Нонна промолчала. Наверное, он не знает, что я беременна от него. Наверное, не догадывается, подумала она и хотела было сказать ему, что напрасно он так ведет себя. Что это его сын в ее животе. Его частичка, в такой же степени, как и ее. Что он не может не чувствовать этого. А если и не чувствует, то только потому, что все это время был очень и очень далеко. Но все поправимо. Нет, не может она это сказать. Витька отвернулся к окну. Он не смотрит на нее, и связь прервана. А какой смысл говорить в пустоту? Все равно что по телефону с оборванным проводом. Говори не говори, никто ничего не услышит. Пусть бы он сжимал губы, пусть бы он презрительно холодел взглядом и многозначительно поднимал бровь, но пусть бы смотрел на нее. Тогда бы она смогла взять его руку и положить на свой живот. «Ох», — Нонна еще раз закусила теперь уже верхнюю губу. Ребеночек шевельнулся, сжался в комочек. Ему было страшно.
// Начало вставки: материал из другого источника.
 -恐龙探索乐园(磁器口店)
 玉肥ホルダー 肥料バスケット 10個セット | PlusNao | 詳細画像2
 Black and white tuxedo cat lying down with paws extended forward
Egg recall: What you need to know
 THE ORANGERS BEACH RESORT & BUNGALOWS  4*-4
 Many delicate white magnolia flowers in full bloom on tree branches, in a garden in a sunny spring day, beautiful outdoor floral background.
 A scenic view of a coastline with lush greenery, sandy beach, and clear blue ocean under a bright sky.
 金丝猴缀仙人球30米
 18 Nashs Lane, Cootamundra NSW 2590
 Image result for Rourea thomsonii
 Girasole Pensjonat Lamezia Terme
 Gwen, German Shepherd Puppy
Ему было безумно одиноко и тоскливо. Ему было так же, как и ей. Ведь они пока одно целое.

— Нет, не скучала, — сказала Нонна, и глаза ее наполнились слезами.

— Замуж вышла? — поинтересовался Витька, как бы между прочим. Он так и смотрел в окно, даже не пытаясь протянуть ей спасительную соломинку.
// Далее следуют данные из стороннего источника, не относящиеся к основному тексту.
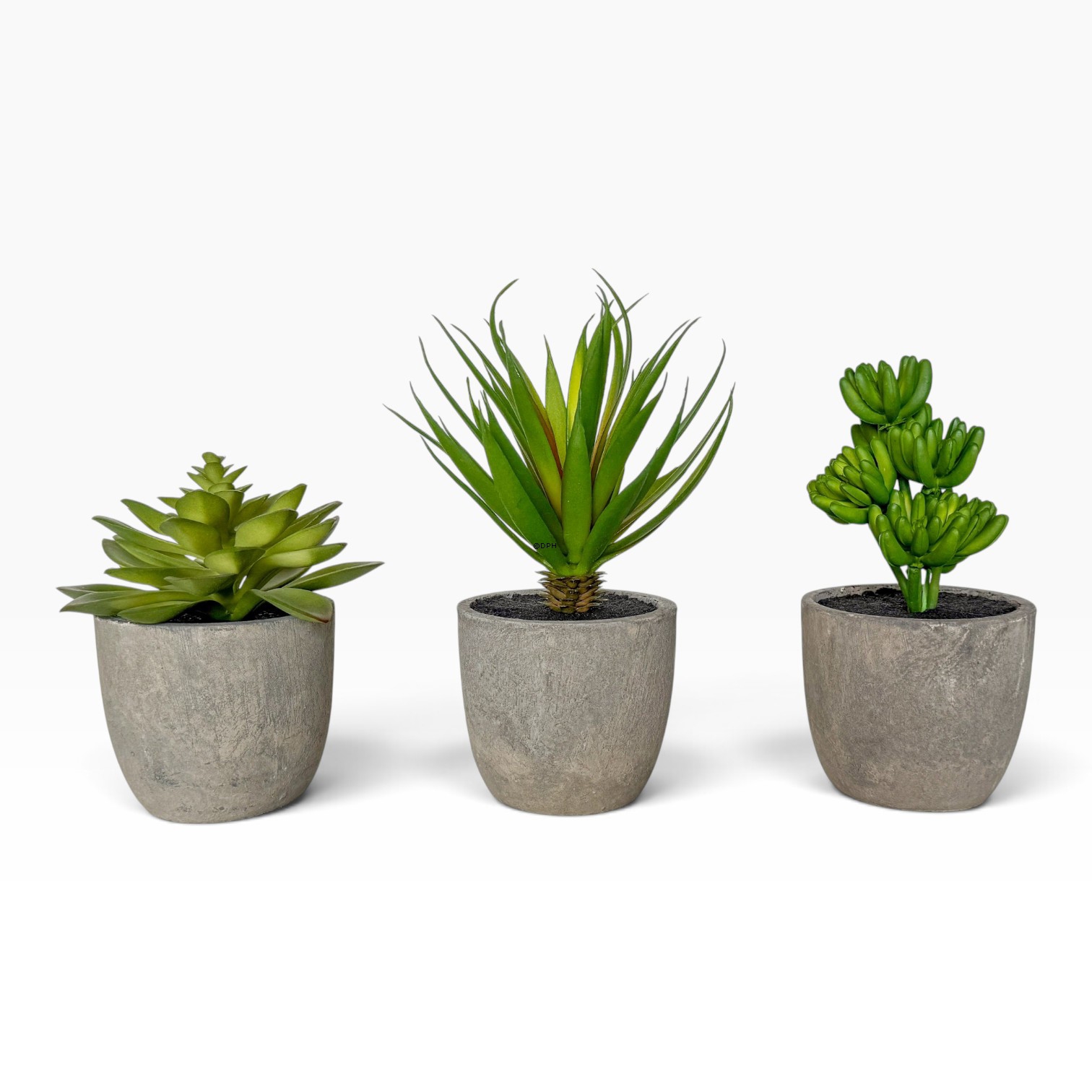 Größere grüne Pflanze mit Topf, Ø: 9 cm (sortiert erhältlich)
— Нет. — Нонна приподняла плечики. Мол, кто же ее возьмет, брюхатую от другого.

— А что же папаша, слинял? — все таким же бесцветным голосом спросил Витька.
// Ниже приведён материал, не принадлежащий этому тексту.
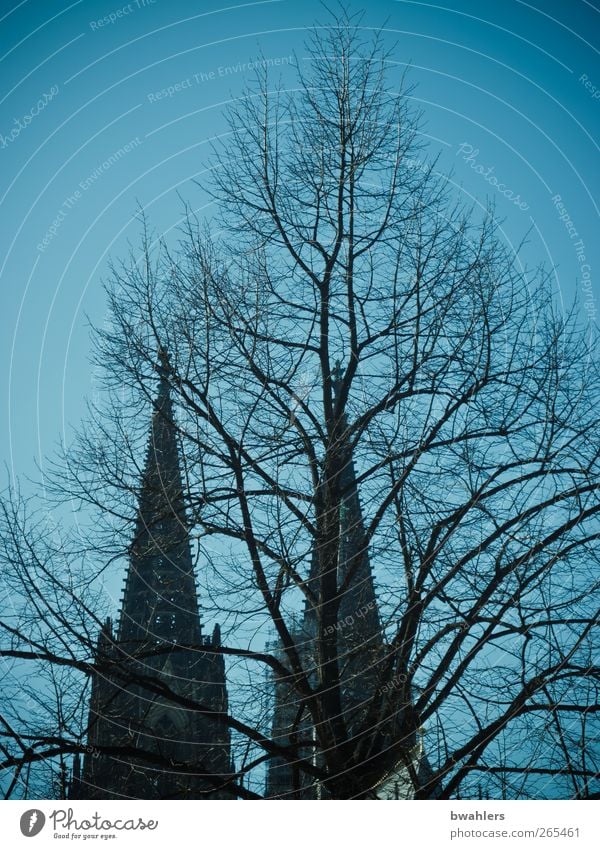 Cologne Cathedral Architecture Sky Cloudless sky Tree Town Downtown Church Dome Tower Manmade structures Tourist Attraction Large Historic Blue Gothic period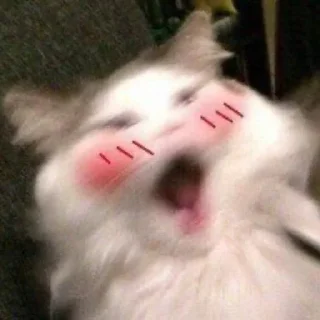 😭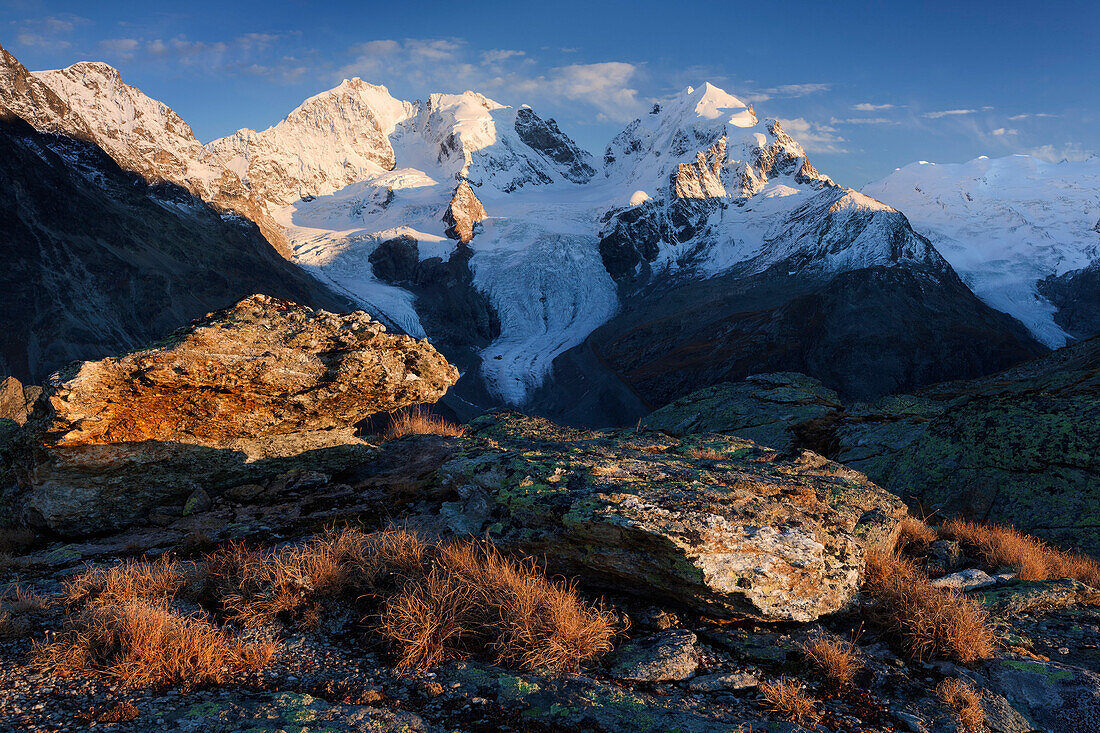 Letztes Tageslicht auf den Gipfeln des Rosegtales, von links erheben sich Piz Morteratsch (3751 m), Piz Bernina (4048 m), Piz Scerscen (3971 m) und Piz Roseg (3987 m) über dem mächtigen Tschiervagletscher, Engadin, Schweiz
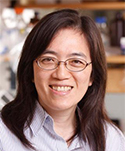 Yi-Fen Lee, Ph.D.
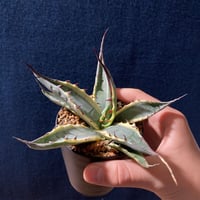 アガベ スカブラ錦 白黄覆輪　Agave scabra f.marginata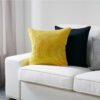 Cushion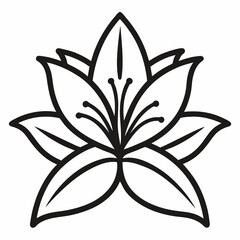 black and white flower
— Слинял. Слинял… Слинял… — Нонна, не замечая того, повторила это слово трижды. Тяжкий туман окутал ее душу, сжал горло и не давал продыхнуть. — Он ведь ничего не знал о нем. Он не знал и не хотел знать. Ему так было проще… Слинять. — Голова Нонны оказалась в тисках. Она смотрела на Витьку и не видела его. Она видела другого, безразличного к ней, чужого и холодного человека. Что она знала о нем? Да ничего не знала. Он нравился ей. Да мало ли кому он нравился! В этом он оказался прав, это было вполне закономерно, он не ее мужчина. Он просто пожалел ее, когда ей было тяжко. Но ведь и сейчас ей не менее тяжко. Может быть, даже более. Теперь у нее есть ребенок. Его ребенок. Но ей больше не нужна Витькина жалость. Зачем ей жалость? Она хочет любви. Любви нет. Ее нет в принципе. Ее не существует в природе. И всe подвиги, все войны, все открытия и преступления, творящие историю человеческого племени, только потому и случались, что их совершали в поисках несуществующей, несбыточной, невероятной тайны. Во имя этой запредельной тайны, имя которой ЛЮБОВЬ. Ха! Идиоты! Нет ее!

— А почему ты в суд не подашь? — Витька посмотрел на нее. И можно было бы наладить связь, устранить помехи, дотянуться до его руки и положить эту руку раскрытой теплой большой ладонью на ее живот. Он же должен почувствовать! Должен! А нужно ли? Минуту назад Нонна не сомневалась в этом. Но сейчас… Сейчас она уже твердо знает, что им двоим не нужен третий. Пусть кровный, но чужой. Чужой кровник — страшнее, чем просто чужой. Он будет разрушать изнутри, зная самые уязвимые места, будет внедряться в них, вольно или невольно, и причинять самые жестокие страдания. Пусть уходит. Так будет легче. Для всех.

— В суд? На кого?

— На отца. — Витька, не отрываясь, прожигал взглядом ее лицо. Он ждал, что она скажет. Может быть, он и подозревал, что это его ребенок, но впрямую не спрашивал. Зачем нарываться? Проверял. Авось Нонна и сама не знает, кто папаша. Или папаша — другой мужчина. А он ей сейчас подскажет, как себя охомутать. Он смотрел и ждал с явным напряжением.